À cause de ses miracles, Sainte Pharaïlde est représentée souvent avec trois pains et une oie. Elle peut aussi être représentée tenant un pain dans ses deux mains.

Elle mourut à l’âge de 90 ans en 740, ayant rendu d’innombrables services de son vivant. Elle est inhumée dans la chapelle dédiée à Saint Jean-Baptiste qu’elle avait construite. Cette chapelle devint l’église Sainte Pharaïlde, probablement à Bruay-sur-l’Escaut. Les personnes commencèrent à la prier juste après sa mort car ils la considéraient comme une sainte et c’est grâce à eux que sa sainteté éclata. Son culte est ratifié en 754. En 810, on parle du sanctuaire de Pharaïlde dans une vie de Saint Saulve, martyrisé à Beuvrage. En 914, dans une charte du Roi Robert, on parle d’une Basilica beatae Pharaïldis qui a été détruite par les Normands pendant leur invasion de 879-883. En 1645, une confrérie de Sainte Pharaïlde est établie et confirmée en 1788. Son corps est ramené à Gand et elle devient la sainte patronne de la ville avec Saint Bavon.

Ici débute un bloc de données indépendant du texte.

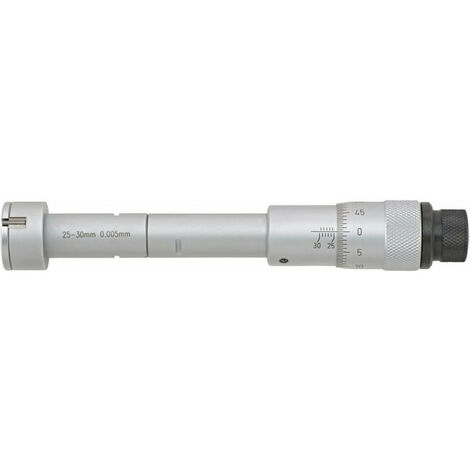 Micrometro Interno 25-50mm - Strumento Di Precisione Per Misura Diametri Interni, Acciaio Inox - Foto 10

Lors de la démolition de l’ancienne église à Bruay-sur-l’Escaut en 1892, un cénotaphe est découvert, datant du xiie siècle. L’église actuelle possède un reliquaire du xve siècle. Sainte Pharaïlde est toujours fêtée à Bruay-sur-l’Escaut, où une neuvaine lui est consacrée tous les ans, début septembre.